Flavanols for heart health may require more than five servings a day, because food choice, biomarkers and outcome evidence do not all line up.

Mira Chen8 min read

A new 2026 Food & Function paper lands on an awkward point for public-health nutrition. People can hit the familiar five-a-day target and still miss the flavanol intake level that has been linked to cardiovascular benefit. In the researchers’ biomarker-based analysis, the problem was not simply that people ate too little produce. It was that broad serving guidance and flavanol-rich food choice are not the same thing.

Seen that way, the paper becomes more interesting than the headlines about apples and berries. Javier I. Ottaviani and colleagues examined biomarker data from the US COSMOS randomized clinical trial and the UK’s EPIC-Norfolk cohort, covering 30,663 participants in total. They asked a narrower question: how many people actually reached about 500 mg a day of flavanols, the intake level tied to the most-discussed cardiovascular signal in COSMOS? The answer was not many.

Still, the skeptical reading belongs near the top of the story, not the bottom. As BBC News reported, cardiologist Naveed Sattar cautioned that the field still lacks hard proof that ordinary diets delivering 500 mg of flavanols translate into fewer heart attacks or strokes in the way readers may assume. A biomarker threshold is not a clinical endpoint. Nor is a cocoa-extract trial the same thing as telling people to eat more berries.

So the useful takeaway is narrower and more honest. Five-a-day works as a population slogan because it is simple. This paper shows what that slogan cannot capture: when the nutrient or bioactive in question is specific, the composition of the basket matters more than the raw number of servings.
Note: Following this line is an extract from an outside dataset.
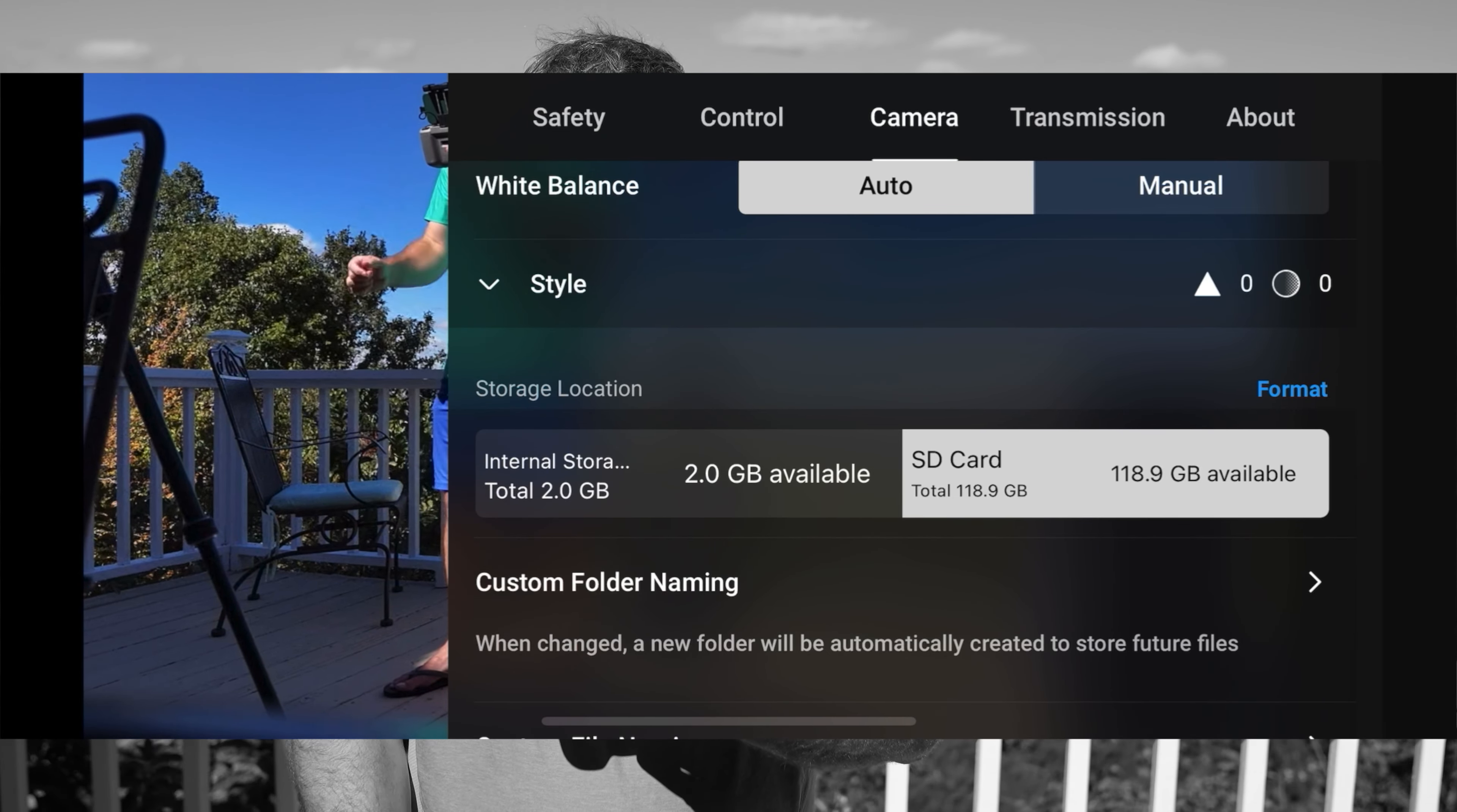So that's how you do it. There's no trickery here. That is how to switch from DJI Mini 4 Pro's internal storage to the micro SD card storage.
What the new paper actually measured

Here, the Food & Function study did not rely on the kind of diet diary that often turns nutrition reporting into guesswork. Instead, it used urinary biomarkers, gVLMB and SREMB, to estimate flavanol exposure in free-living adults from two well-known cohorts. That matters because bioactive compounds are notoriously hard to reconstruct from memory, food databases and portion-size recall alone.
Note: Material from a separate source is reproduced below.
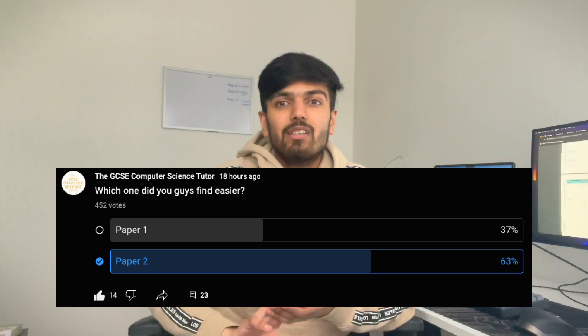Generally everyone found paper two slightly easier than paper one, which makes sense because last year's paper two was harder — I'm glad OCR listened to students and made it a little bit easier. Topics we saw were trace tables, defensive design, SQL, and some questions on maintainability, and generally everyone found it easy.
Laboratory glassware illustrating the biomarker-based methods used to estimate flavanol exposure in cohort participants.

By that biomarker yardstick, only 19.2 percent of COSMOS participants and 17.9 percent of EPIC-Norfolk participants reached the 500 mg a day level. Even among people in the top quartile for fruit-and-vegetable intake, only 21 percent made it there. That is the paper’s real argument. It is not that produce does not help. It is that quantity alone is a blunt instrument for a chemically specific target.

Ottaviani put the point plainly in ScienceDaily’s summary of the study:

“Most people assume that eating plenty of fruit and vegetables covers this, but what this research shows is that the specific choices you make matter far more than the total amount.”
Javier I. Ottaviani, ScienceDaily

In The Conversation, corresponding author Gunter G. C. Kuhnle made the companion case for the method itself. Kuhnle and co-authors argued there that biomarkers are especially useful here because flavanol intake varies widely even within foods that live in the same healthy-sounding category. A serving of produce is easy to count. It says far less about the underlying flavanol profile. That at least partly answers one of the central method questions raised by the paper: for measuring exposure to bioactives, urinary biomarkers can outperform diet questionnaires. What they cannot do is settle the downstream outcome question on their own.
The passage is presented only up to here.